This document explores the setup where VTTablet and MySQL are not running on the same server, or in the same container. This is mostly useful when using a managed MySQL server (like CloudSQL or RDS).
In this setup, Vitess is not responsible for any master management, or backups. Schema Swap is also not possible, as it relies on backups / restores.
Note
: this document is a work in progress, meant to centralize all findings on
this subject. Eventually, we want to have an end to end test proving this setup
works, probably on Kubernetes / GCE using CloudSQL.
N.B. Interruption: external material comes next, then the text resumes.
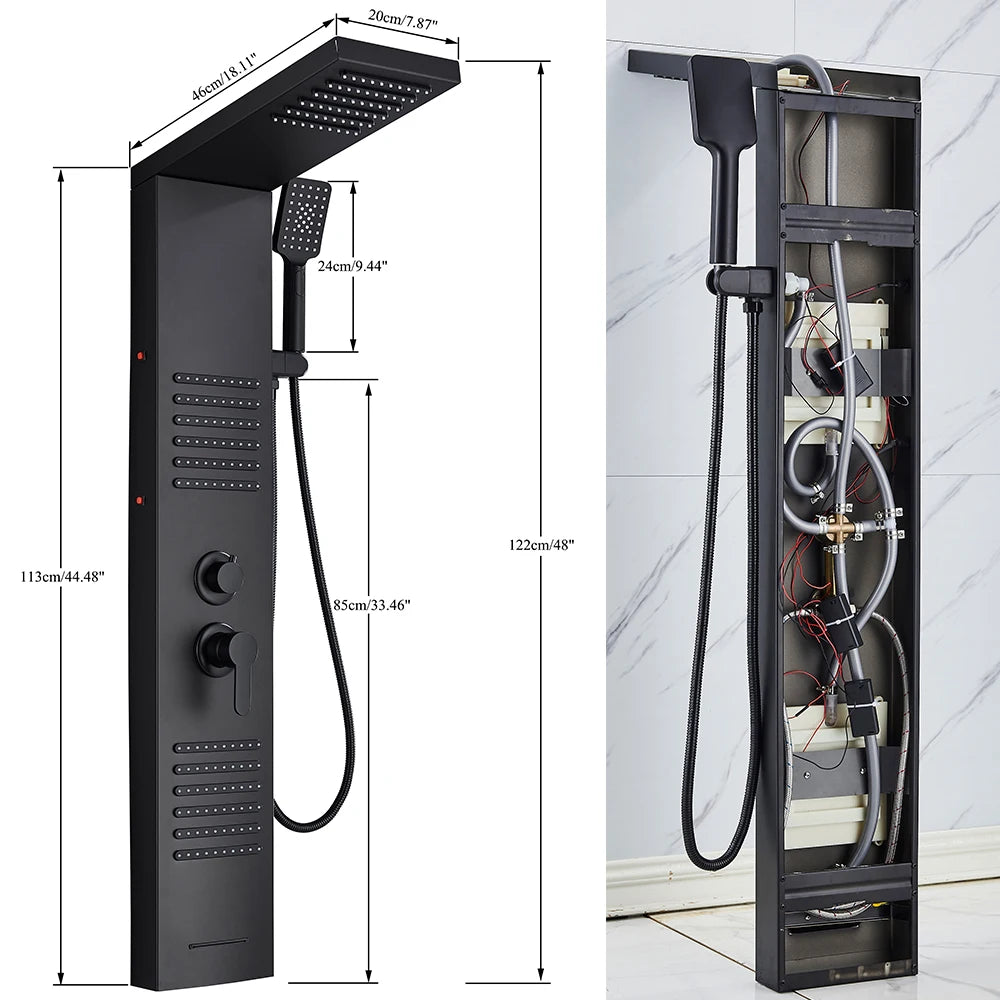 Rozin Black Shower Column Led Rainfall Bathroom Faucet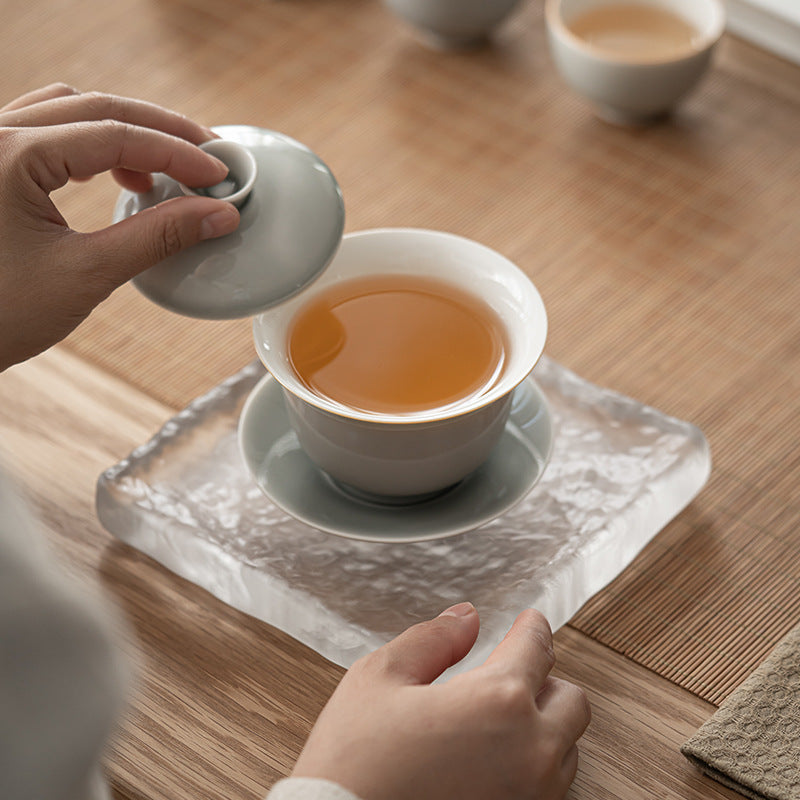 Bol à couvercle Sancai en glaçure de suie et de cendre glacée de style japonais, grande tasse à thé en céramique, bol à thé, service à thé Kung Fu, infuseur à thé, bol à thé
The following adjustments need to be made to VTTablet command line parameters:
-
Do not specify
-mycnf-file
: instead, specify the-mycnf_server_id
parameter. -
Do not use
-mycnf_socket_file
. There is no local MySQL unix socket file. -
Specify the host and port of the MySQL daemon for the
-db\_host
and-db\_port
command line parameters. Do not specify-db\_socket
parameters. -
Disable restores / backups, by not passing any backup command line parameters. Specifically,
-restore_from_backup
and-backup_storage_implementation
should not be set.
Since master management and replication are not handled by Vitess, we just need
to make sure the tablet type in the topology is correct before running
vttablet. Usually, vttablet can be started with -init_tablet_type replica
,
even for a master (as master
is not allowed), and will figure out the master
and set its type to master
. When Vitess doesn't manage that at all, running
vtctl InitShardMaster
is not possible, so there is no way to start as the
master just using vttablet. There are two solutions:
-
Preferred: Start the master with
-init_tablet_type replica
, and then run avtctl TabletExternallyReparented <tablet alias>
for the actual master. -
Run
vtctl InitTablet ... master
for the master, and then run vttablet with no-init...
parameters.
vtctl
and vtctld
can be run with the -disable_active_reparents
flag. This
would make all explicit reparent commands unreachable (like InitShardMaster
or PlannedReparentShard
).
vtgate
and vtworker
don't need any special configuration.
There are some subtle differences when connecting to MySQL using TCP, as opposed to connecting using a Unix socket. The main one is that when the server closes the connection, the client knows it when writing on a unix socket, but only realizes it when reading the response from a TCP socket. So using TCP, it is harder to distinguish a query that was killed from a query that was sent on a closed connection. It matters because we don't want to retry a query that was killed, but we want to retry a query sent on a closed connection.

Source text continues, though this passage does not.